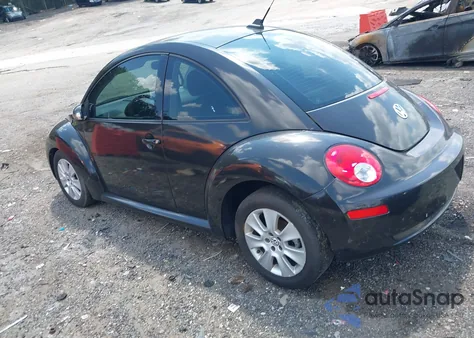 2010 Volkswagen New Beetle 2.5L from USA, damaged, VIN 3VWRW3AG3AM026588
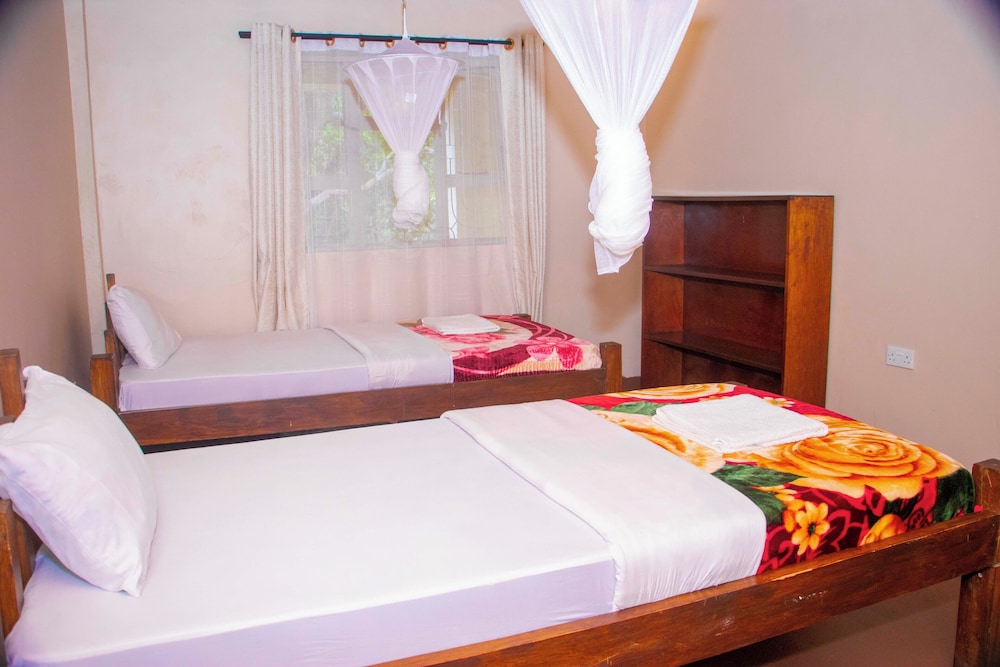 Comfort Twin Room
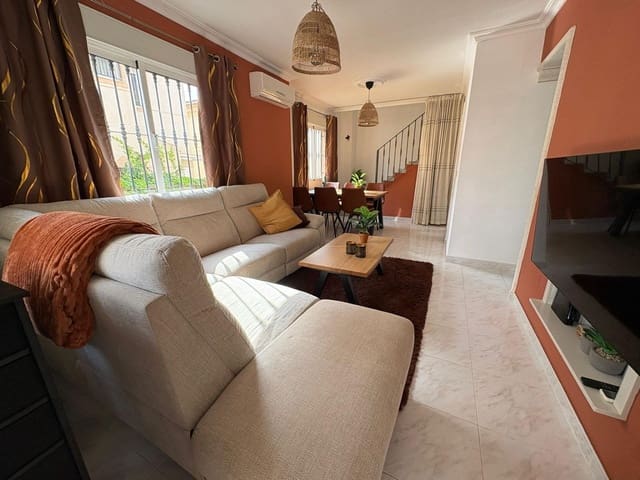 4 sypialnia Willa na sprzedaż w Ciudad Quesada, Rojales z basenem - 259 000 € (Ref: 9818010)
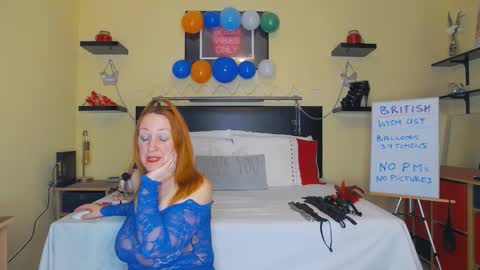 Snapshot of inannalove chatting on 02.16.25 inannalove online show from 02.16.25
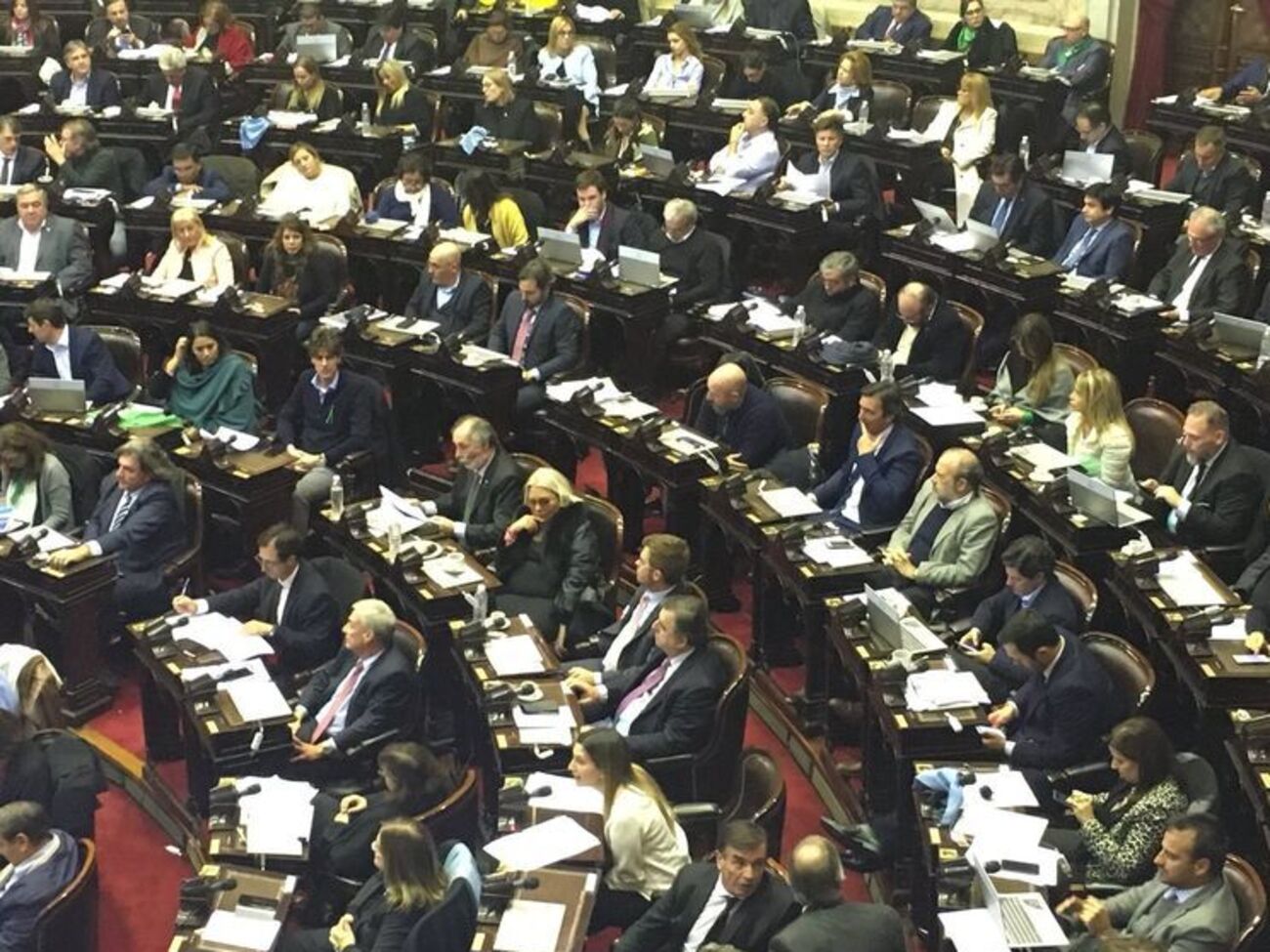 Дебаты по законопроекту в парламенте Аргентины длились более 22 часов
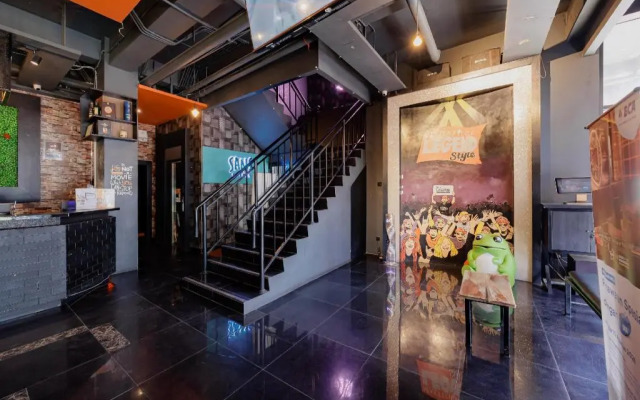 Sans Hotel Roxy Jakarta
· · ·
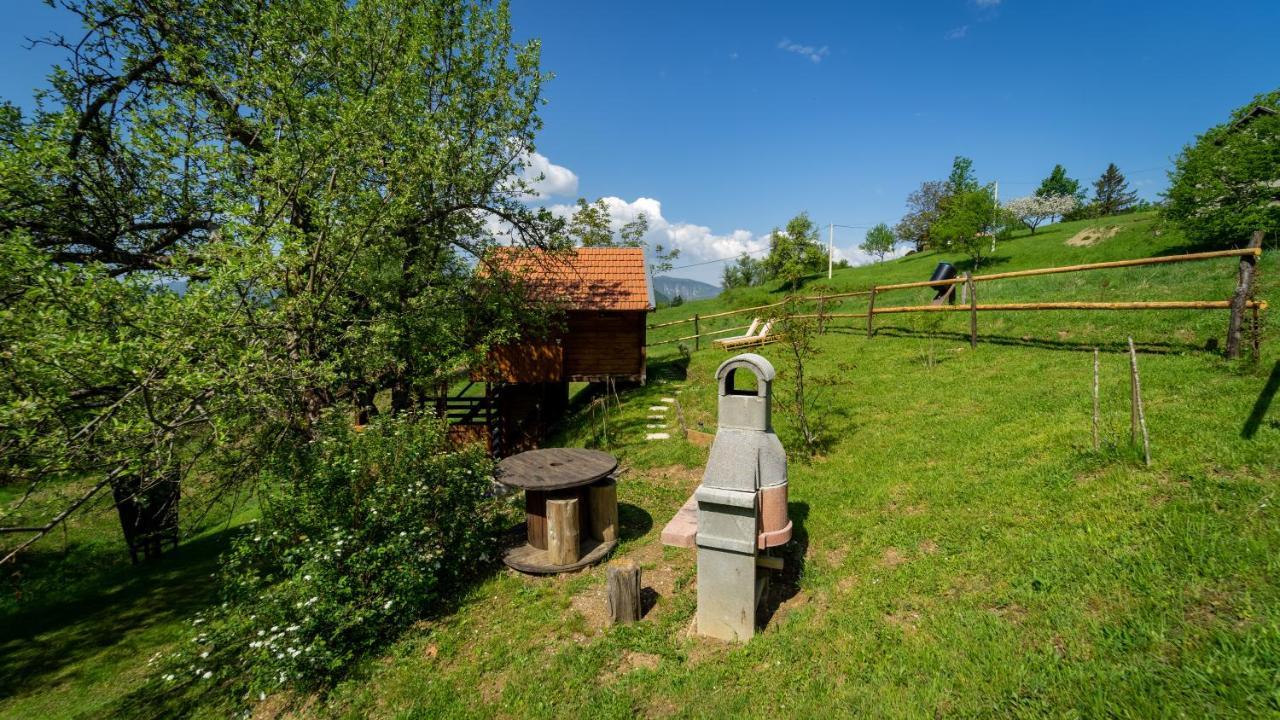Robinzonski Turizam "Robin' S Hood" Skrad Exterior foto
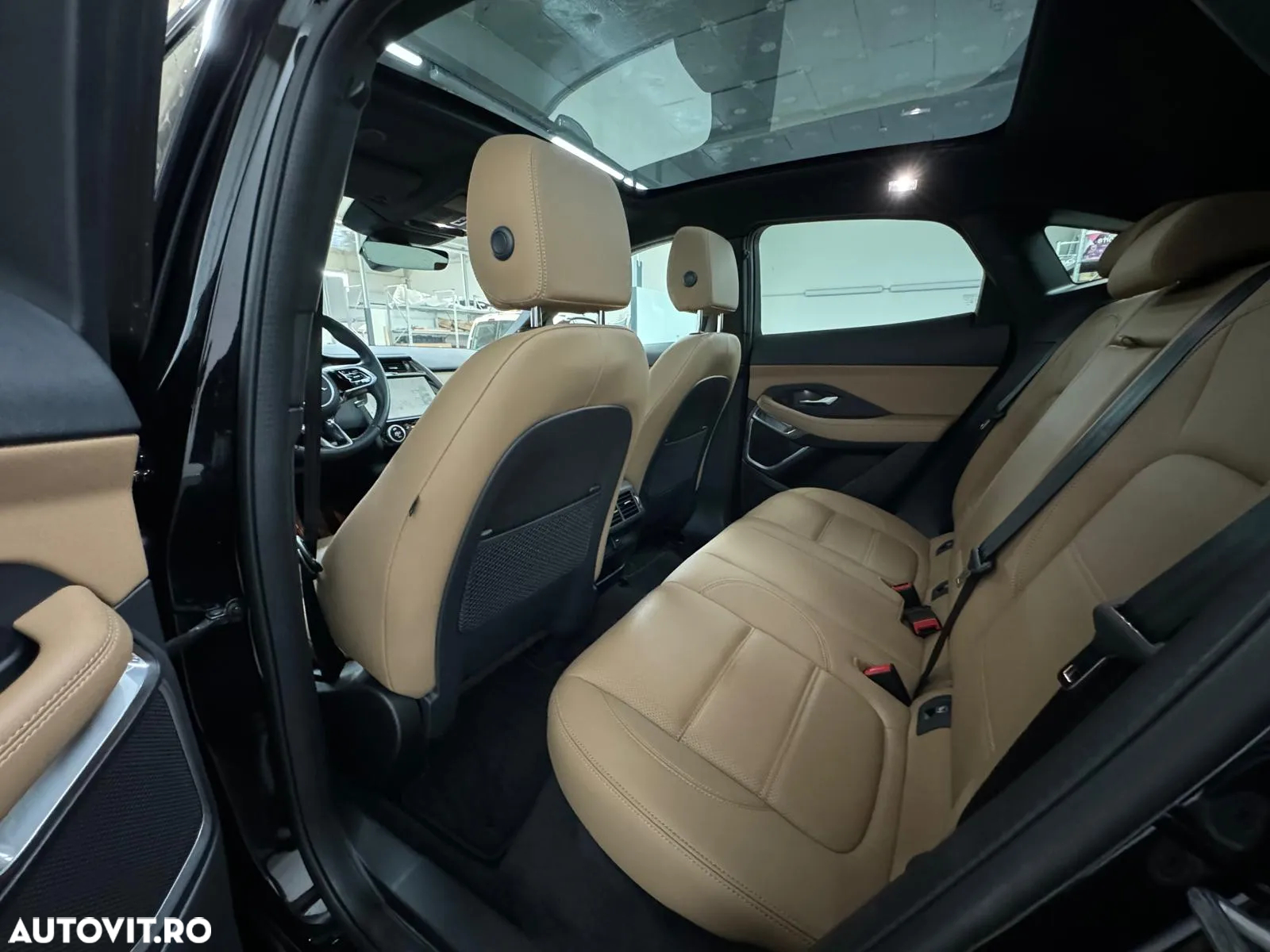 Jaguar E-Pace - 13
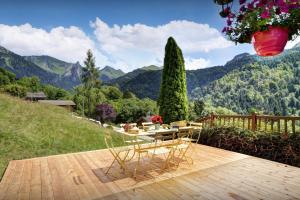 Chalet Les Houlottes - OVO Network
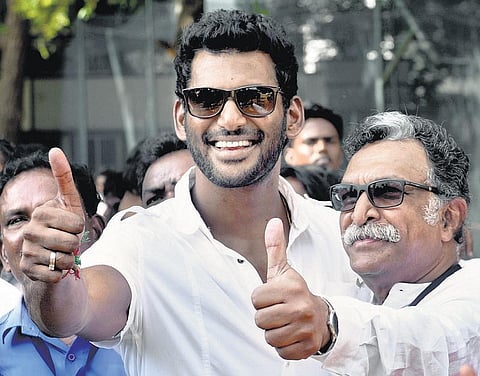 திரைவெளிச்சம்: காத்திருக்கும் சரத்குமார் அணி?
· · ·
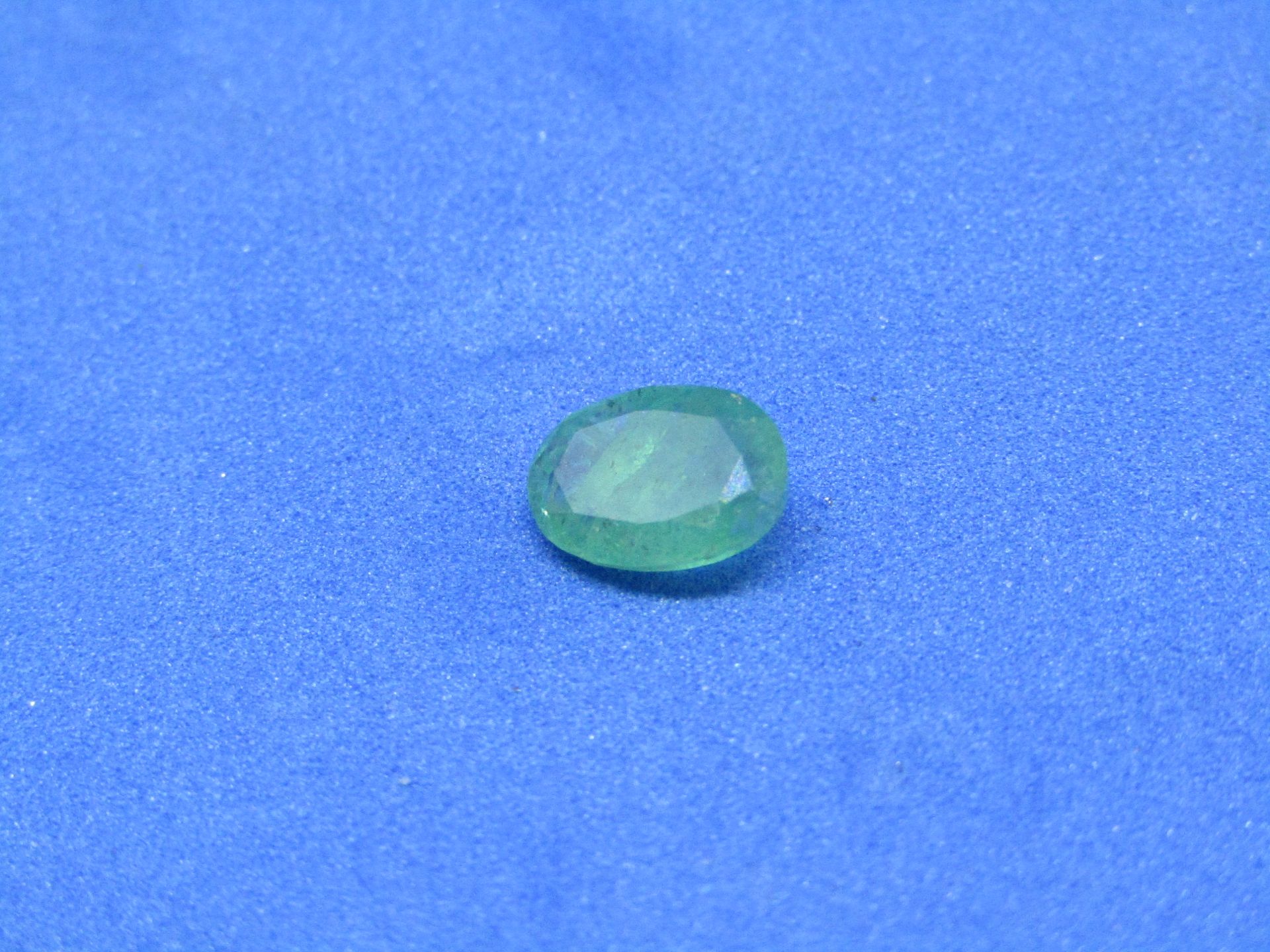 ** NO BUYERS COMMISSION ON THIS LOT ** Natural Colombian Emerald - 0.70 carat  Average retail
· · ·
▸ PROBLEM DESCRIPTION: In the listing above, find the line with "2010 Volkswagen New" and the line with "Sans Hotel Roxy Jakarta". Transcribe those two and everything between, exactly, leaving out pictures.

▸ WRITTEN RESPONSE:
 2010 Volkswagen New Beetle 2.5L from USA, damaged, VIN 3VWRW3AG3AM026588
 Comfort Twin Room
 4 sypialnia Willa na sprzedaż w Ciudad Quesada, Rojales z basenem - 259 000 € (Ref: 9818010)
 Snapshot of inannalove chatting on 02.16.25 inannalove online show from 02.16.25
 Дебаты по законопроекту в парламенте Аргентины длились более 22 часов
 Sans Hotel Roxy Jakarta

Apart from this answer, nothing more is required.